Remove code duplication for permission checks with replication slots

michaelpq · michaelpq · commit 026ed8efd6b1 · 2021-09-14T10:15:49.000+09:00
Two functions, both named check_permissions(), used the same checks to verify if a user had required privileges to work on replication slots. This commit removes the duplication, and moves the function doing the checks to slot.c to be centralized. Author: Bharath Rupireddy Reviewed-by: Nathan Bossart, Euler Taveira Discussion: https://postgr.es/m/CALj2ACUPpVw1u7sQocFVWrSs0n10pt_G_4NPZKSxXK6cW1dErw@mail.gmail.com
diff --git a/src/backend/replication/logical/logicalfuncs.c b/src/backend/replication/logical/logicalfuncs.c
@@ -95,15 +95,6 @@ LogicalOutputWrite(LogicalDecodingContext *ctx, XLogRecPtr lsn, TransactionId xi
 	p->returned_rows++;
 }
 
-static void
-check_permissions(void)
-{
-	if (!superuser() && !has_rolreplication(GetUserId()))
-		ereport(ERROR,
-				(errcode(ERRCODE_INSUFFICIENT_PRIVILEGE),
-				 errmsg("must be superuser or replication role to use replication slots")));
-}
-
 /*
  * Helper function for the various SQL callable logical decoding functions.
  */
@@ -124,7 +115,7 @@ pg_logical_slot_get_changes_guts(FunctionCallInfo fcinfo, bool confirm, bool bin
 	List	   *options = NIL;
 	DecodingOutputState *p;
 
-	check_permissions();
+	CheckSlotPermissions();
 
 	CheckLogicalDecodingRequirements();
 
diff --git a/src/backend/replication/slot.c b/src/backend/replication/slot.c
@@ -1059,6 +1059,18 @@ CheckSlotRequirements(void)
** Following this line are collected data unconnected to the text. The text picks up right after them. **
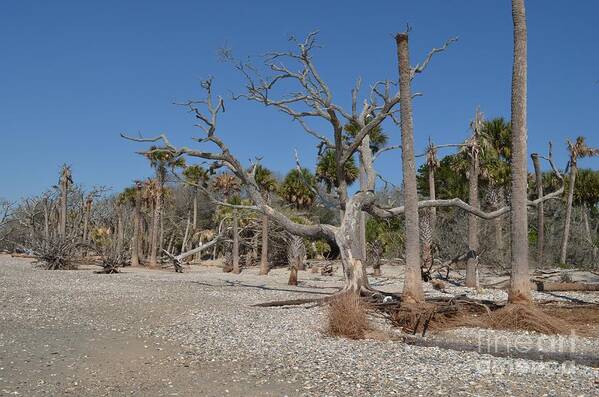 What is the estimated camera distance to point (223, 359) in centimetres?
877

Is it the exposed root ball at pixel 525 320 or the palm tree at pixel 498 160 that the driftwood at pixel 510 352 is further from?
the palm tree at pixel 498 160

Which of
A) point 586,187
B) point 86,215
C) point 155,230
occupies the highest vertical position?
point 586,187

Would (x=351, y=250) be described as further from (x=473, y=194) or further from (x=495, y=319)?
(x=473, y=194)

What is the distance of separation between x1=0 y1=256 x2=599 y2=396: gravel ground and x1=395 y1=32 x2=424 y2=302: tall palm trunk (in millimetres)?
1605

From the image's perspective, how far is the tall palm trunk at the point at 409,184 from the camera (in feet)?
42.4

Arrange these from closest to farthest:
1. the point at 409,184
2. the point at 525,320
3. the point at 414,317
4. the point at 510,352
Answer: the point at 510,352 < the point at 525,320 < the point at 414,317 < the point at 409,184

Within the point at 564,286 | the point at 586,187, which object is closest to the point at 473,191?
the point at 564,286

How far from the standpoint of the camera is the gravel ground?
7.10 meters

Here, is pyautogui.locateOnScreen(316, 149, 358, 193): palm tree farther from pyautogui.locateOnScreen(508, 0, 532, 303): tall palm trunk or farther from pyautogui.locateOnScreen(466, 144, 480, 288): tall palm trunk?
pyautogui.locateOnScreen(508, 0, 532, 303): tall palm trunk

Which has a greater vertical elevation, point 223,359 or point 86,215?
point 86,215

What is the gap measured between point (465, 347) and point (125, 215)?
33.8m

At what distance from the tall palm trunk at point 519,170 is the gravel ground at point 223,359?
169cm

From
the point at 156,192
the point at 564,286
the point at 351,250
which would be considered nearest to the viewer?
the point at 351,250

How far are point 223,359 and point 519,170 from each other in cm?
773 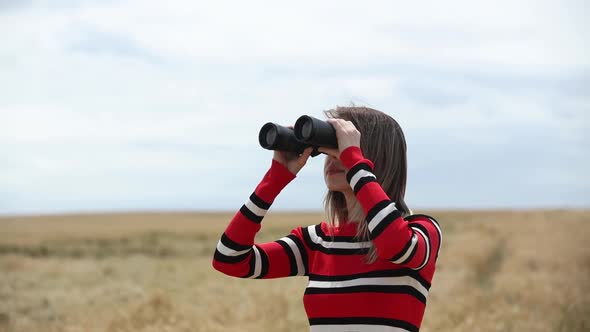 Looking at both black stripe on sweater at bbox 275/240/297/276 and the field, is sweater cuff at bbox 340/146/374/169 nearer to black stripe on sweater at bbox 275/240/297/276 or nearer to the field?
black stripe on sweater at bbox 275/240/297/276

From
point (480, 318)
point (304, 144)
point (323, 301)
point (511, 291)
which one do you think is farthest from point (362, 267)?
point (511, 291)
 				 errmsg("replication slots can only be used if wal_level >= replica")));
 }
 
+/*
+ * Check whether the user has privilege to use replication slots.
+ */
+void
+CheckSlotPermissions(void)
+{
+	if (!superuser() && !has_rolreplication(GetUserId()))
+		ereport(ERROR,
+				(errcode(ERRCODE_INSUFFICIENT_PRIVILEGE),
+				 errmsg("must be superuser or replication role to use replication slots")));
+}
+
 /*
  * Reserve WAL for the currently active slot.
  *
diff --git a/src/backend/replication/slotfuncs.c b/src/backend/replication/slotfuncs.c
@@ -25,15 +25,6 @@
 #include "utils/pg_lsn.h"
 #include "utils/resowner.h"
 
-static void
-check_permissions(void)
-{
-	if (!superuser() && !has_rolreplication(GetUserId()))
-		ereport(ERROR,
-				(errcode(ERRCODE_INSUFFICIENT_PRIVILEGE),
-				 errmsg("must be superuser or replication role to use replication slots")));
-}
-
 /*
  * Helper function for creating a new physical replication slot with
  * given arguments. Note that this function doesn't release the created
@@ -85,7 +76,7 @@ pg_create_physical_replication_slot(PG_FUNCTION_ARGS)
 	if (get_call_result_type(fcinfo, NULL, &tupdesc) != TYPEFUNC_COMPOSITE)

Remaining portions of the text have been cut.